Although listed as one of the most significant events of the last 80 years, the space weather storm of late May 1967 has been of mostly fading academic interest. The storm made its initial mark with a colossal solar radio burst causing radio interference at frequencies between 0.01 – 9.0 GHz and near-simultaneous disruptions of dayside radio communication by intense fluxes of ionizing solar X-rays.
“Aspects of military control and communication were immediately challenged. Within hours, a solar energetic particle event disrupted high-frequency communication in the polar cap. Subsequently, record-setting geomagnetic and ionospheric storms compounded the disruptions,” study authors say.
This story develops during the rapid rise of Solar Cycle 20 and the intense Cold War in the latter half of the 20th Century. Authors detail the events of late May 1967 in the intersecting categories of solar-terrestrial interactions and the political-military backdrop of the Cold War. This was one of the “Great Storms” of the 20th century, despite the lack of large geomagnetically-induced currents.
Solar storm of May 23, 1967
On May 18, 1967, an unusually large group of sunspots with intense magnetic fields appeared in one region of the Sun. On May 23, observatories in New Mexico and Colorado saw a flare visible to the naked eye while a solar radio observatory in Massachusetts reported the Sun was emitting unprecedented levels of radio waves.
A significant worldwide geomagnetic storm was forecast to occur within 36 – 48 hours, according to a bulletin from NORAD’s Solar Forecast Center in Colorado Springs, Colorado on May 23.
As the solar flare event unfolded on May 23, radars at all three Ballistic Missile Early Warning System (BMEWS) sites in the far northern hemisphere were disrupted. The radars, designed to detect incoming Soviet missiles, appeared to be jammed, which, if true, would be considered as an act of war.
The Air Force prepared aircraft for war, thinking the nation’s surveillance radars in polar regions were being jammed by the Soviet Union. Just in time, military space weather forecasters conveyed information about the solar storm’s potential to disrupt radar and radio communications. The planes remained on the ground and the U.S. avoided a potential nuclear weapon exchange with the Soviet Union.
Retired Colonel Arnold L. Snyder, a solar forecaster at NORAD’s Solar Forecast Center, was on duty that day.
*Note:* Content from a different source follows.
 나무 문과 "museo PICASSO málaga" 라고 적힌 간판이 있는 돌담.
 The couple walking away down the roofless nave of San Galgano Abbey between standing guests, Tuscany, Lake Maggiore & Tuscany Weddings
The tropospheric weather forecaster told him the NORAD Command Post had asked about any solar activity that might be occurring.
“I specifically recall responding with excitement, ‘Yes, half the Sun has blown away,’ and then related the event details in a calmer, more quantitative way,” Snyder said.
Along with the information from the Solar Forecast Center, NORAD learned the three BMEWS sites were in sunlight and could receive radio emissions coming from the Sun. These facts suggested the radars were being ‘jammed’ by the Sun, not the Soviet Union, Snyder said. As solar radio emissions waned, the ‘jamming’ also waned, further suggesting the Sun was to blame, he said.